I spoke with many parents of young children, the youngest a boy just four months old. As mums and dads, we filed each story away, knowing we might need them in the future to remind others of the huge potential within each of our kids.
In two years' time families and professionals will be gathering again in Dubai, then in 2022 it will be Brisbane's turn to host the congress.
Sam Ross, a woman in her late 20s, was one of the three lead commissioners selected as official hosts of the Glasgow congress. I sat in the audience with her dad as she made her way to the lectern to speak. A thick-set bloke with a diamond earring, her father sat with his arms crossed and told me in his Glaswegian accent that he was more nervous than Sam.
We laughed together as she told the audience about her first job. It had not gone well. Before a shift, she would stay up watching TV and arrive tired, sometimes finding a quiet room for a nap. She ate all the sandwiches she was meant to be selling. But she had learnt from her mistakes and she was managing her time much better in her new job.
After her presentation, Sam made a beeline for her Dad and gave him the biggest hug. "I love you dad," she said. This tough Glaswegian was wiping his eyes.

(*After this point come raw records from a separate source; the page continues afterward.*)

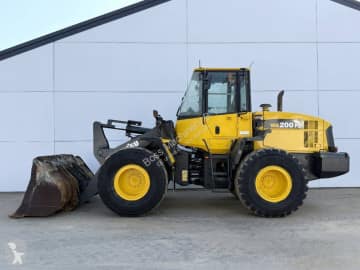 Komatsu WA200PZ6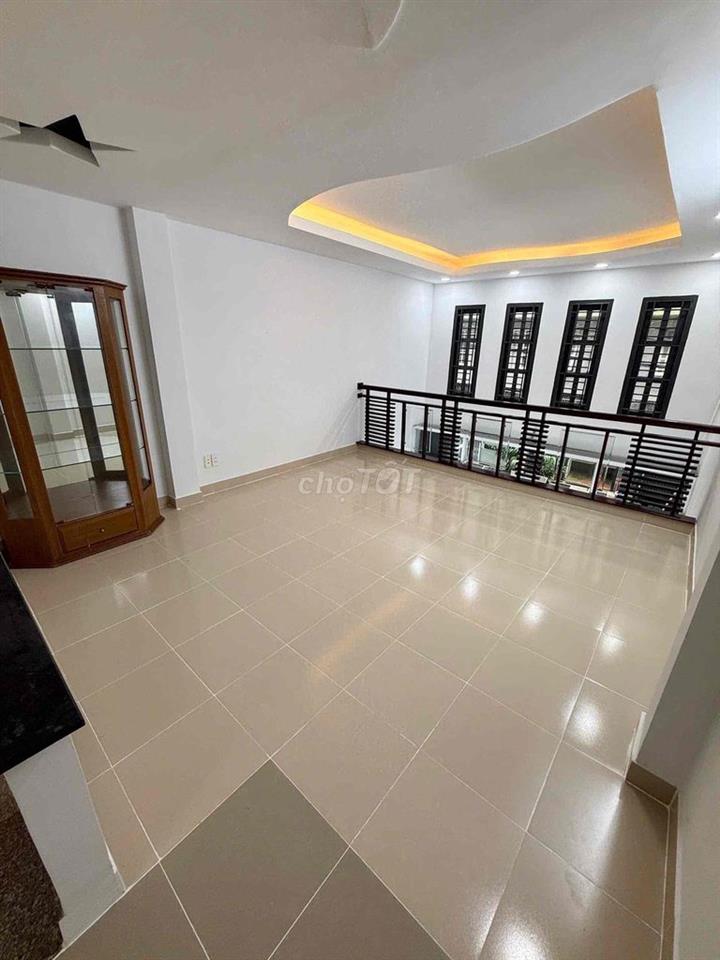 BÁN NHÀ KHU ĐỒNG BỘ AN NINH ngang 4m * dài 12m Q.TÂN PHÚ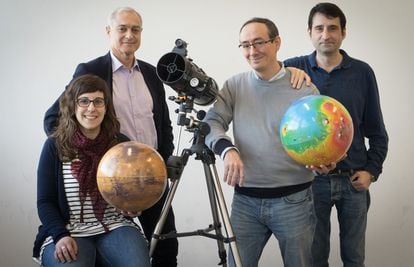 El grupo de Ciencias Planetarias de la UPV/EHU: Itziar Garate, Agustín Sánchez-Lavega, Ricardo Hueso y Jon Legarreta.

We all were.
"Sam was born nearly 30 year ago," he told me. "There was a wee bit o' discrimination back then. But we dinnae care."
That message, whether in a voice from Glasgow or Iraq or any of the 90 countries represented at the congress, was the glue that bound us. We would not be told what our kids could or could not do. Collectively, we "dinnae care" about artificial constraints. If they couldn’t be ignored, we would push them over. If they weren’t easily budged, we would work together and - though it might take time - eventually we would see them topple.
Not even three years old, with pigtails bobbing in the direction of the nearest babycino, my Greta flashes her cheeky smile at an old man sitting outside our local cafe. He smiles back.
The ignoring, pushing and toppling has already begun.